What is needed: Each record below needs to be reproduced precisely, though not its pictures.

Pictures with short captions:

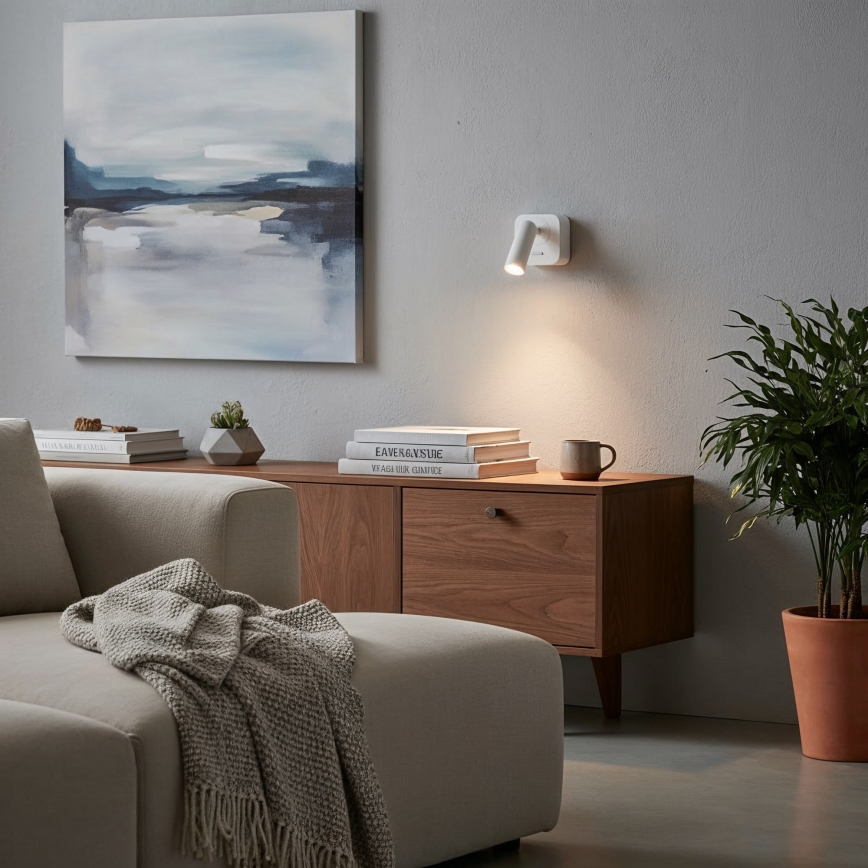 Ideal Lux - LED sieninis akcentinis šviestuvas BEAN LED/3W/230V CRI 90 balta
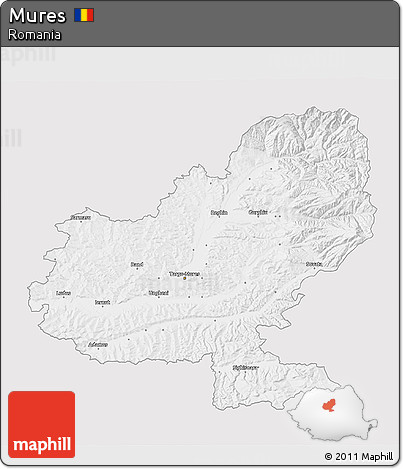 Silver Style 3D Map of Mures, single color outside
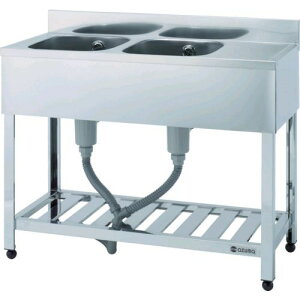 【個人宅配送不可】アズマ HPM2-1500-L 直送 代引不可・他メーカー同梱不可二槽水切シンク左水槽 1500×60 HPM21500L 【送料無料】【キャンセル不可】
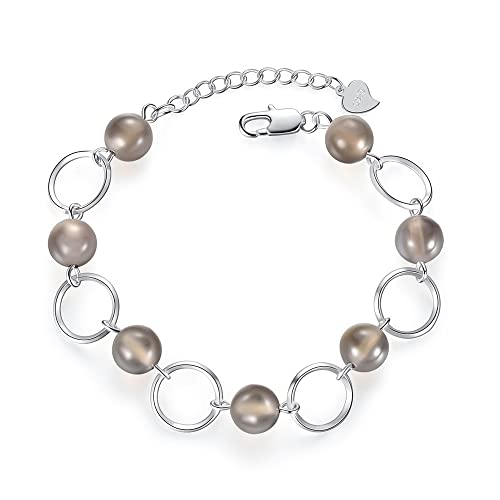 Bracelet de perles de cristal gris pour femme aux finitions exquises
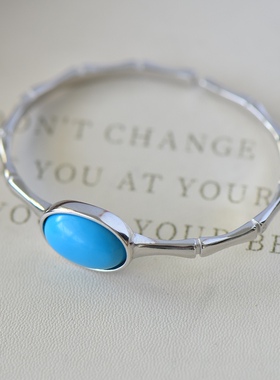 女S925纯银DIY宝石镶嵌手镯空托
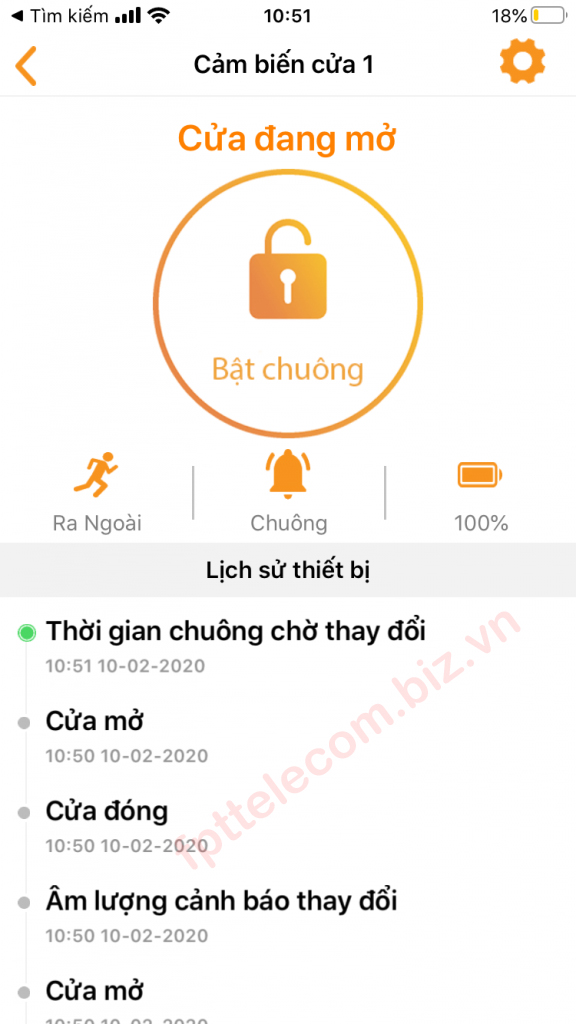 Chế độ Ra ngoài (Away) cùng với Chuông Báo (Alarm)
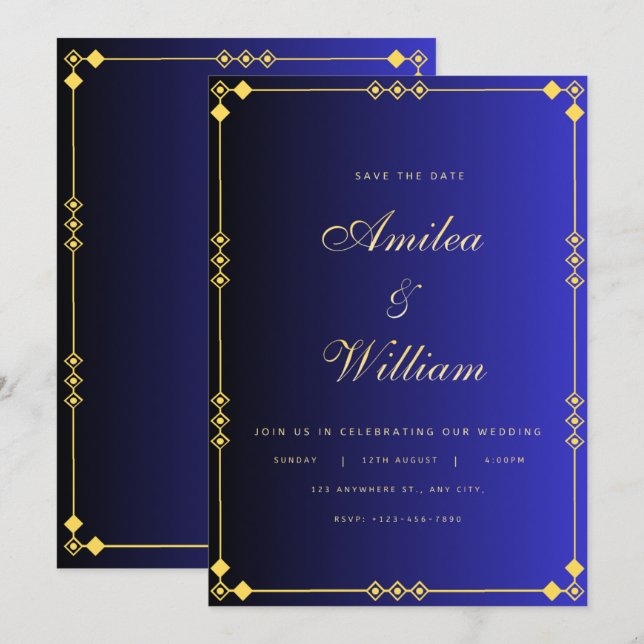 Convite de Casamento Luxuoso Azul e Dourado – Eleg (Frente/Verso)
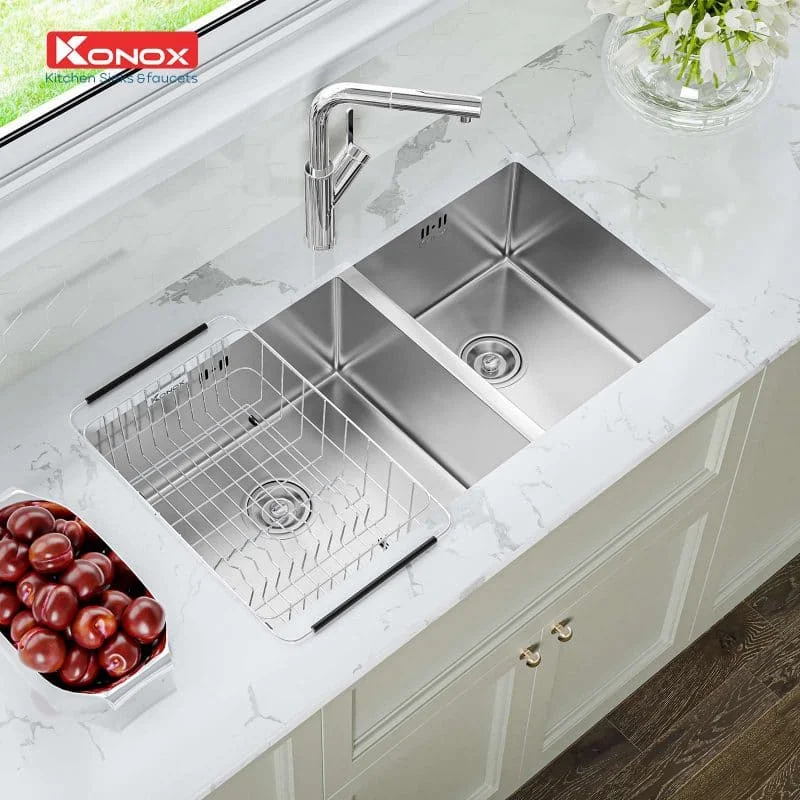 Chậu rửa bát 2 hố lệch SUS304 Konox Cube Series 8144DU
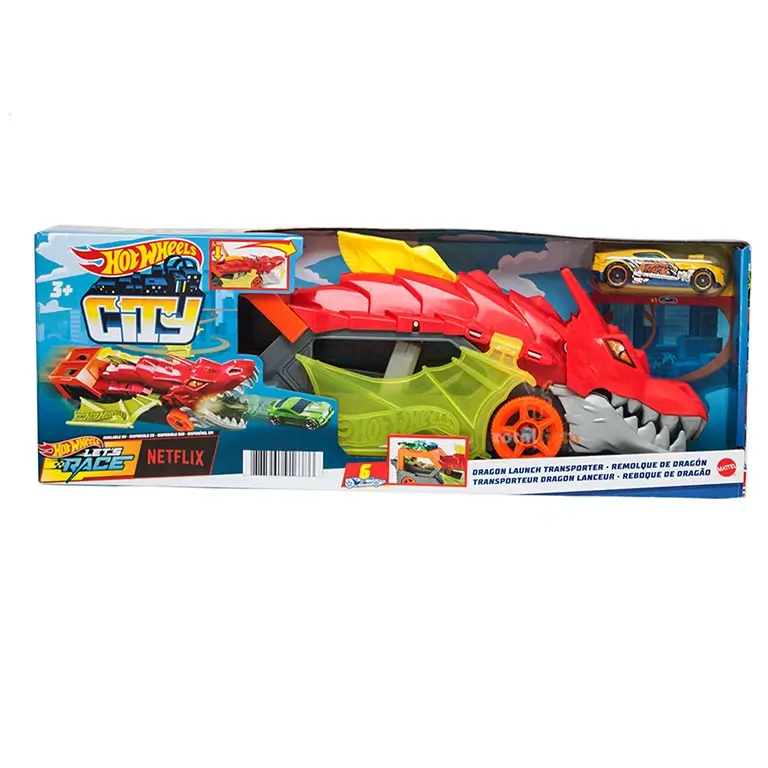 Hot Wheels City Dragon Launch Transporter GTK42 rotaļu mašīnu autotransportētājs iepakojumā.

Exercise solution:
 Ideal Lux - LED sieninis akcentinis šviestuvas BEAN LED/3W/230V CRI 90 balta
 Silver Style 3D Map of Mures, single color outside
 【個人宅配送不可】アズマ HPM2-1500-L 直送 代引不可・他メーカー同梱不可二槽水切シンク左水槽 1500×60 HPM21500L 【送料無料】【キャンセル不可】
 Bracelet de perles de cristal gris pour femme aux finitions exquises
 女S925纯银DIY宝石镶嵌手镯空托
 Chế độ Ra ngoài (Away) cùng với Chuông Báo (Alarm)
 Convite de Casamento Luxuoso Azul e Dourado – Eleg (Frente/Verso)
 Chậu rửa bát 2 hố lệch SUS304 Konox Cube Series 8144DU
 Hot Wheels City Dragon Launch Transporter GTK42 rotaļu mašīnu autotransportētājs iepakojumā.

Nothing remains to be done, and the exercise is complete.